Story #11453

Federated user identity which works across a network of Arvados clusters

Added by Tom Morris about 1 year ago. Updated 4 months ago.

Status:
Closed
Priority:
Normal
Assigned To:
Category:
-
Target version:
Start date:
06/20/2017
Due date:
% Done:

100%

Estimated time:
(Total: 0.00 h)
Story points:
2.0

Description

Basic elements:
- a single login server which provides authentication for all clusters in the network
- a single user UUID is used across all nodes in the cluster.

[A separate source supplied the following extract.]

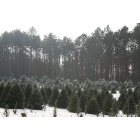 Augusta: Kellog Forest, National Park, Augusta Michigan, Young Pine Grove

API server needs two additional features:
1. Validate salted token by contacting origin cluster
2. As an origin cluster, validate a received token from a remote cluster

Validation requests return the user record which is used to populate the local user table, along with an expiration time after which revalidation should occur.

Draft: Federated identity

Migration process from local identity to network identity is separate


Subtasks

Task #11874: [Spike] Prototype federated identityResolved

Task #12424: Migration process to convert local user IDs to network cluster IDsClosed

Task #12455: Validate v2-format salted tokensResolvedTom Clegg

Task #12440: Review 11453-federated-tokensResolvedTom Clegg


Related issues

Blocks Arvados - Story #11454: Support federated search across a set of Arvados clustersResolved2017-04-11

Blocks Arvados - Story #12705: Documentation/helper scripts for migrating users to federated identityResolved2018-01-11

Associated revisions

Revision e21d1ca9
Added by Tom Clegg 5 months ago

Merge branch '11453-federated-tokens'

refs #11453

Arvados-DCO-1.1-Signed-off-by: Tom Clegg <>

Revision 3a3fc5ac (diff)
Added by Tom Clegg 3 months ago

Fix wrong cluster label on search page when authenticated remotely.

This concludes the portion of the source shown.